◆ **Problem description**
Find and return every line of the data that contains the word "Building".

◆ **Exercise material**

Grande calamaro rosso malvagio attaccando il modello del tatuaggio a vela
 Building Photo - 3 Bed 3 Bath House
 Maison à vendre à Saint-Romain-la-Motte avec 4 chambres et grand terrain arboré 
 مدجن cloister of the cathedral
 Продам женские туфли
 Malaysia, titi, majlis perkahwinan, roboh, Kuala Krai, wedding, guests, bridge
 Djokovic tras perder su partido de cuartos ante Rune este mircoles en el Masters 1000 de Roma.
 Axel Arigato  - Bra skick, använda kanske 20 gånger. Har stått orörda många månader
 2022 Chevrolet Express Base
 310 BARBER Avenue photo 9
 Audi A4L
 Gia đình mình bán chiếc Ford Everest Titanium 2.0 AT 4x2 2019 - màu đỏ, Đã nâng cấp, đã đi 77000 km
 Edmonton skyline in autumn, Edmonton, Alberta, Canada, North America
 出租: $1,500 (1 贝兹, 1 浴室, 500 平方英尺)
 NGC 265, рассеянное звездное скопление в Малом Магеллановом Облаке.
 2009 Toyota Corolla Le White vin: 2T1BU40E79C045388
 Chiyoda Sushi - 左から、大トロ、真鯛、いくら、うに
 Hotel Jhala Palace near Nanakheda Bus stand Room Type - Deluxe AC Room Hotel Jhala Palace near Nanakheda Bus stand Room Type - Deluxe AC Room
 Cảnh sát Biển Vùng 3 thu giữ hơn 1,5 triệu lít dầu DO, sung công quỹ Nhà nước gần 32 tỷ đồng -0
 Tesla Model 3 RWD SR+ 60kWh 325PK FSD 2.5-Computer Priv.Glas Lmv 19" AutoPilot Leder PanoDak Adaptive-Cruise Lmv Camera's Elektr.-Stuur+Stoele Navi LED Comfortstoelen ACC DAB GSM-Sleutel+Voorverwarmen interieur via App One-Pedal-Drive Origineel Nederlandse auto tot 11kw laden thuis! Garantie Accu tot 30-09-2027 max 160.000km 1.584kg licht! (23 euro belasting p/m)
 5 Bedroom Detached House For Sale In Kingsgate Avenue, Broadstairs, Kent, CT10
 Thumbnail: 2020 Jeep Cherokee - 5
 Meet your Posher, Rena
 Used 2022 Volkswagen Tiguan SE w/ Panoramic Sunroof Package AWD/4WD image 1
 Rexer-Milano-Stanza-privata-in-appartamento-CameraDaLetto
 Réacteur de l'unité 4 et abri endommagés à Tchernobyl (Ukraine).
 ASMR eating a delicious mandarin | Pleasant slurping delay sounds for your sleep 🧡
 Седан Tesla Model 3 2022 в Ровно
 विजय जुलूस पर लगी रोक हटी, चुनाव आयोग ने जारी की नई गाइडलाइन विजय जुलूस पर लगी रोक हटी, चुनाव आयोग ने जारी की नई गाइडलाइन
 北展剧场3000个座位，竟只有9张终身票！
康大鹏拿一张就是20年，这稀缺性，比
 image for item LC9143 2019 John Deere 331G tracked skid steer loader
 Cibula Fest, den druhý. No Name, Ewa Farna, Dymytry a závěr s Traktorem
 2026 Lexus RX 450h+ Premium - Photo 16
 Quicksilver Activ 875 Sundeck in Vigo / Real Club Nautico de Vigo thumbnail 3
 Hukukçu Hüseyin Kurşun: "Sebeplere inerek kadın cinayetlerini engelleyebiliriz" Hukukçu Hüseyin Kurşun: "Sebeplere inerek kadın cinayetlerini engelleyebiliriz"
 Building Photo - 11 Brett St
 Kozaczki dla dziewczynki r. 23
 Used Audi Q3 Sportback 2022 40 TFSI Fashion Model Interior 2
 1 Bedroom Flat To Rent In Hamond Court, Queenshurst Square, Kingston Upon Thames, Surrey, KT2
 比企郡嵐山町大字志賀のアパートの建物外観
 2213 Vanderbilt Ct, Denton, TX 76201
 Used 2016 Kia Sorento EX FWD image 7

◆ **Response**
 Building Photo - 3 Bed 3 Bath House
 Building Photo - 11 Brett St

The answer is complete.